Supplied material:
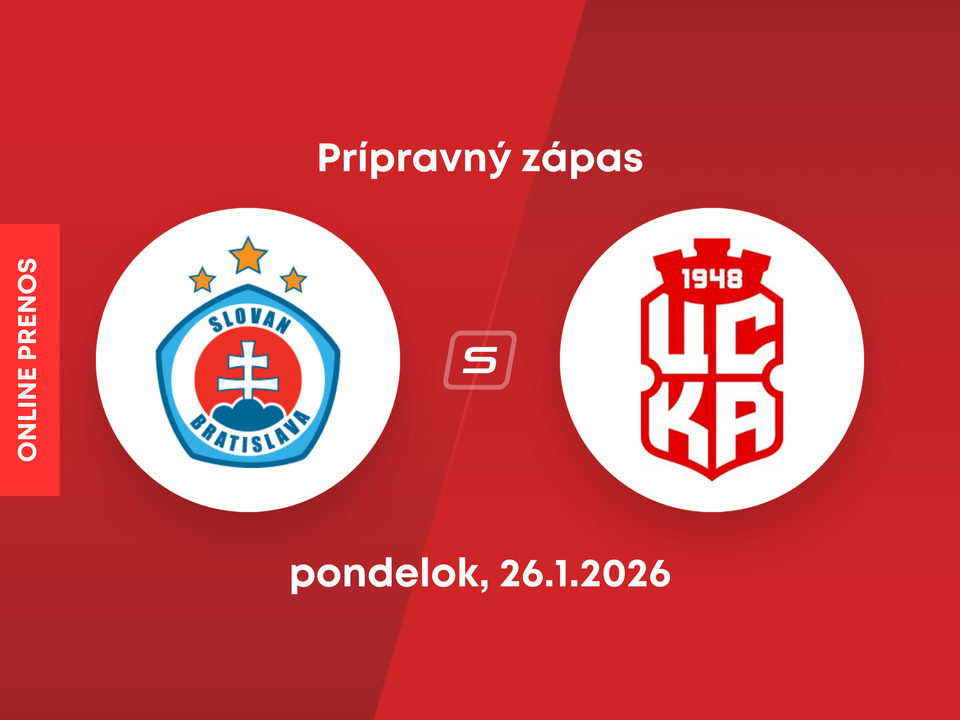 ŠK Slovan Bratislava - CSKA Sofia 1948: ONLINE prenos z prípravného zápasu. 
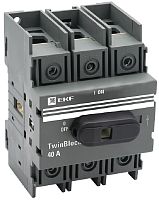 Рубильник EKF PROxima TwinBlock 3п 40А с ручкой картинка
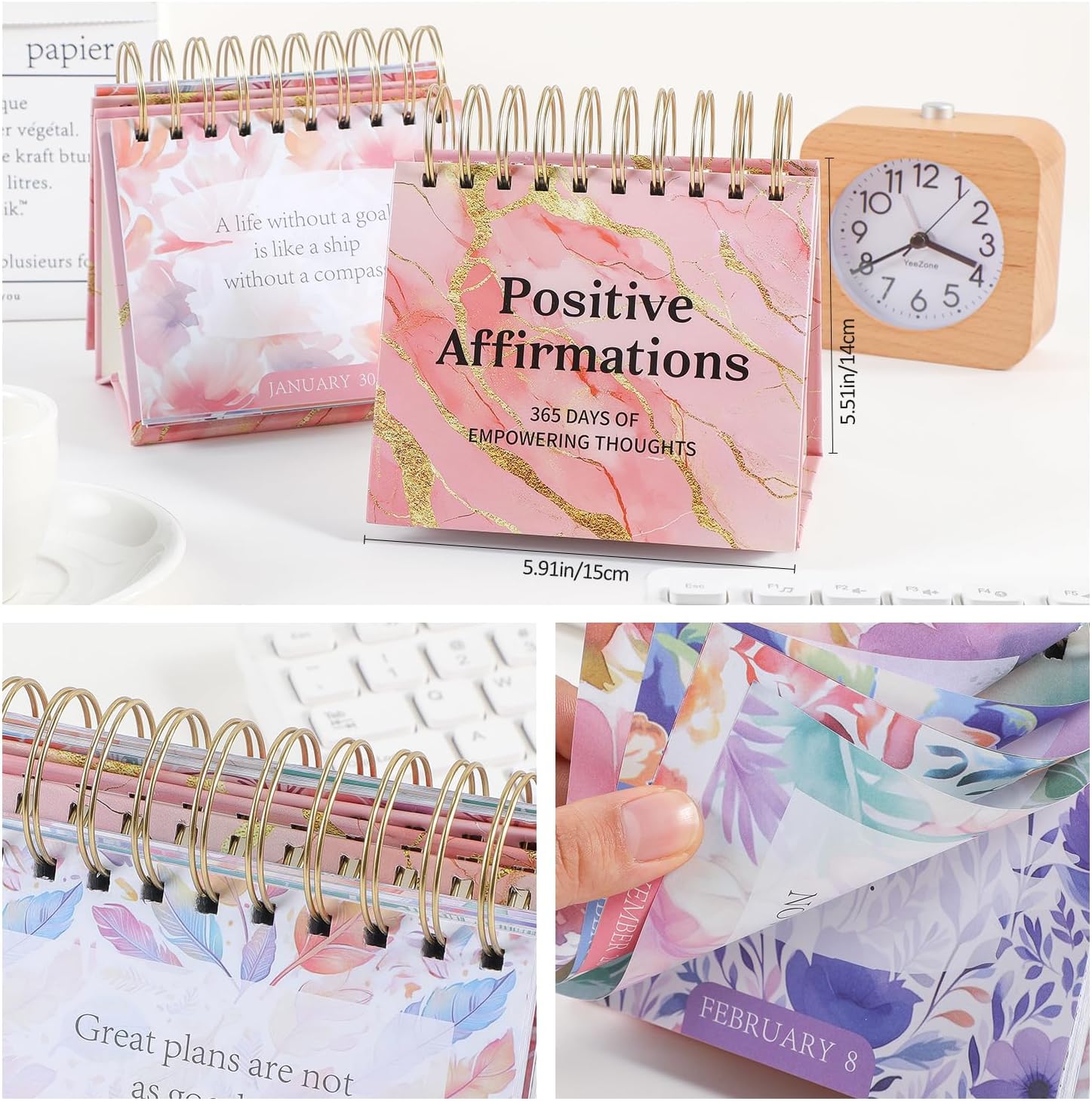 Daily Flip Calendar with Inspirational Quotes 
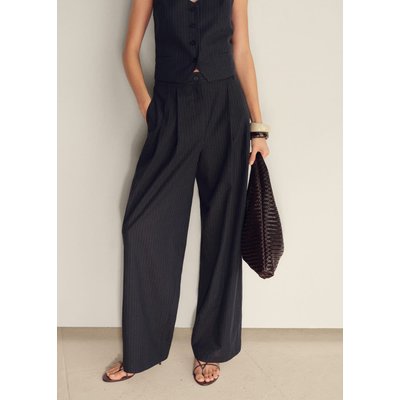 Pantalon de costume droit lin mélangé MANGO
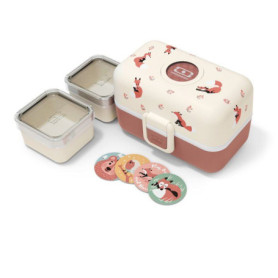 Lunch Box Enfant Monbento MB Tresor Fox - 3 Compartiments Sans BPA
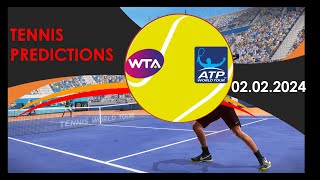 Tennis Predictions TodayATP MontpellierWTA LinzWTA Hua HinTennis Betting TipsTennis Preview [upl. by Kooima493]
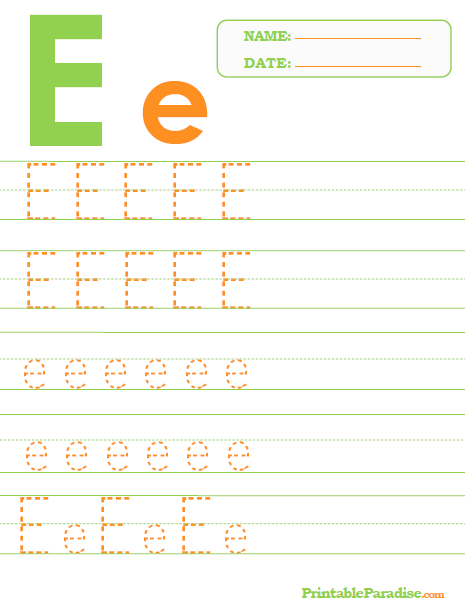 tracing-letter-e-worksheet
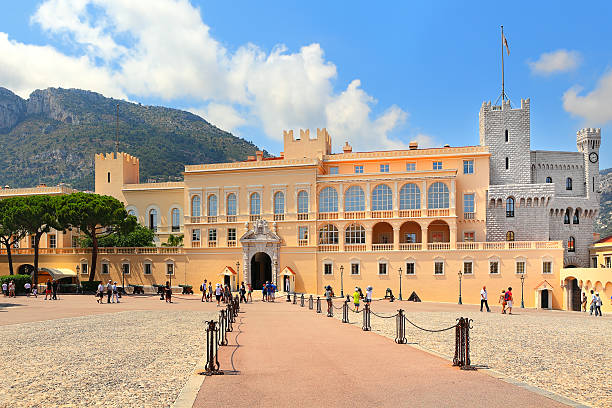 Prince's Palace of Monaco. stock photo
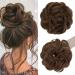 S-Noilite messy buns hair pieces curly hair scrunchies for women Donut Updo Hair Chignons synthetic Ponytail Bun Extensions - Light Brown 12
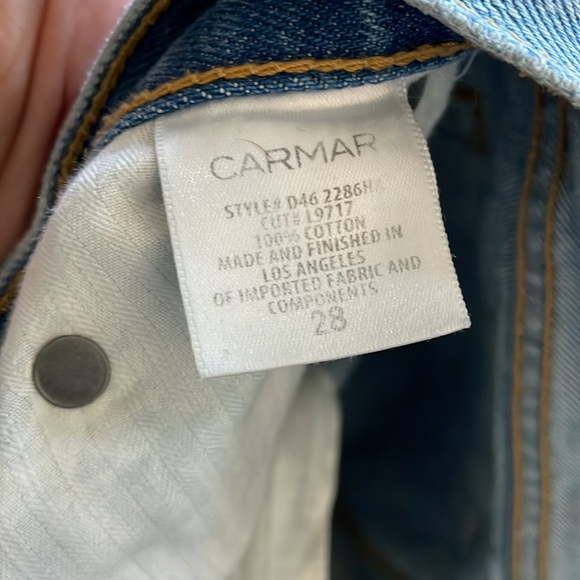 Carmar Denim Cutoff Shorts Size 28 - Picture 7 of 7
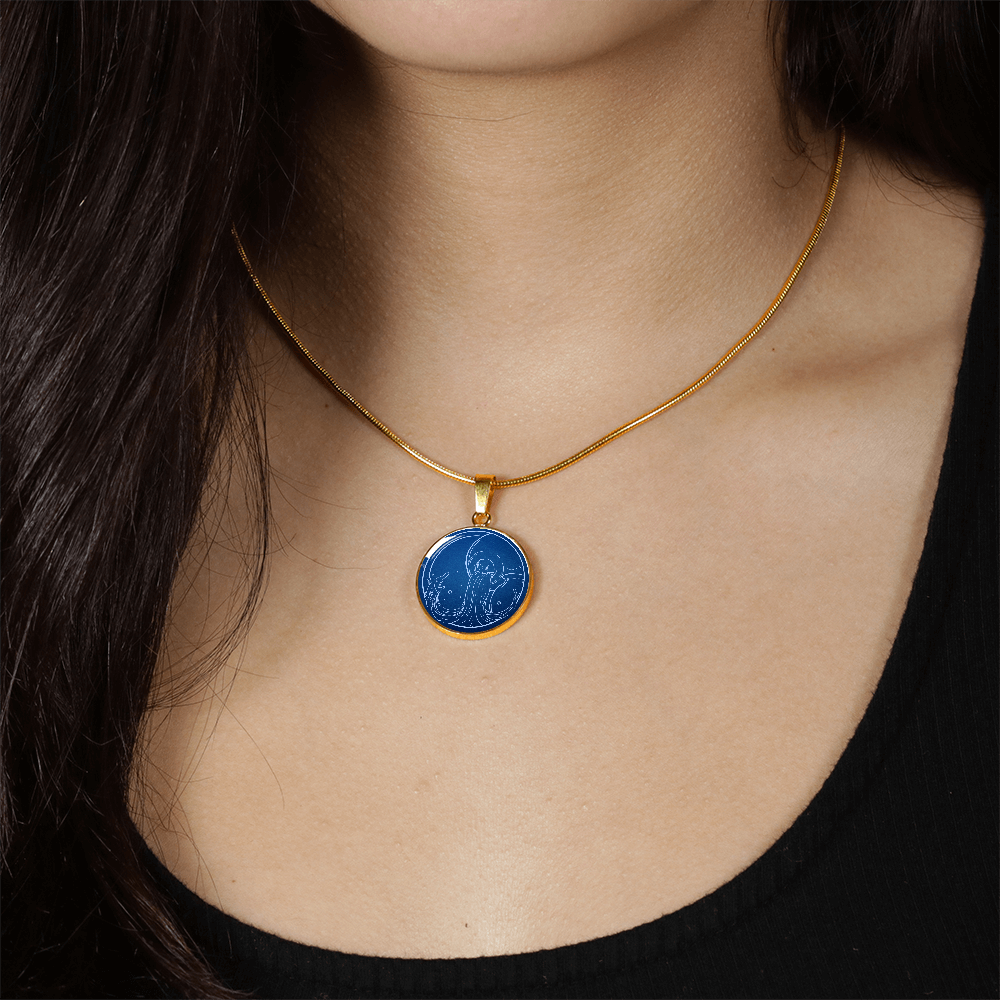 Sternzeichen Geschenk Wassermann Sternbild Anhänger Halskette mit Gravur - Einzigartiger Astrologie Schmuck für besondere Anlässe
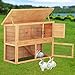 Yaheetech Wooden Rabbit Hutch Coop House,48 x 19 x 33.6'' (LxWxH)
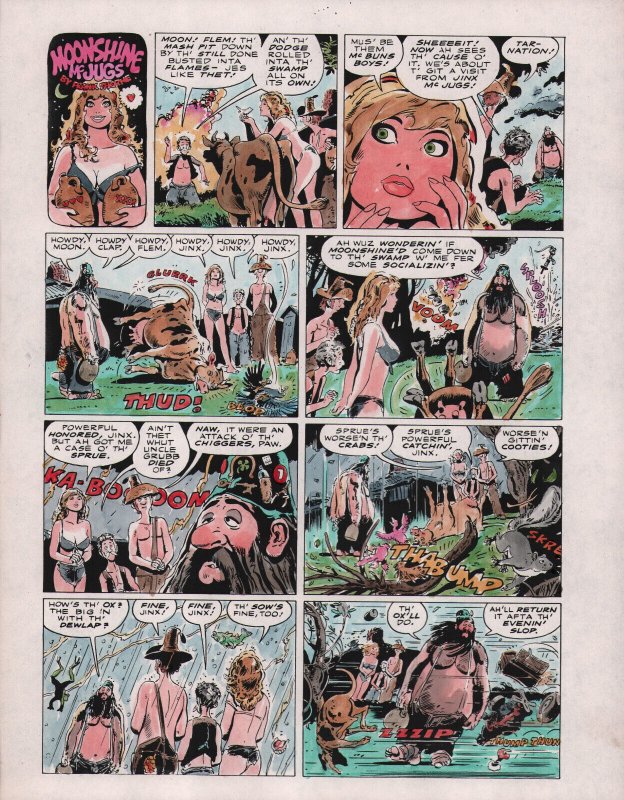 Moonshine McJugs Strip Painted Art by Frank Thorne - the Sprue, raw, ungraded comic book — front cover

Problem to work on:
Repeat the records above exactly, from the first line through the line containing "Lunch Box Enfant", and leave out the pictures.

Exercise solution:
 ŠK Slovan Bratislava - CSKA Sofia 1948: ONLINE prenos z prípravného zápasu. 
 Рубильник EKF PROxima TwinBlock 3п 40А с ручкой картинка
 Daily Flip Calendar with Inspirational Quotes 
 Pantalon de costume droit lin mélangé MANGO
 Lunch Box Enfant Monbento MB Tresor Fox - 3 Compartiments Sans BPA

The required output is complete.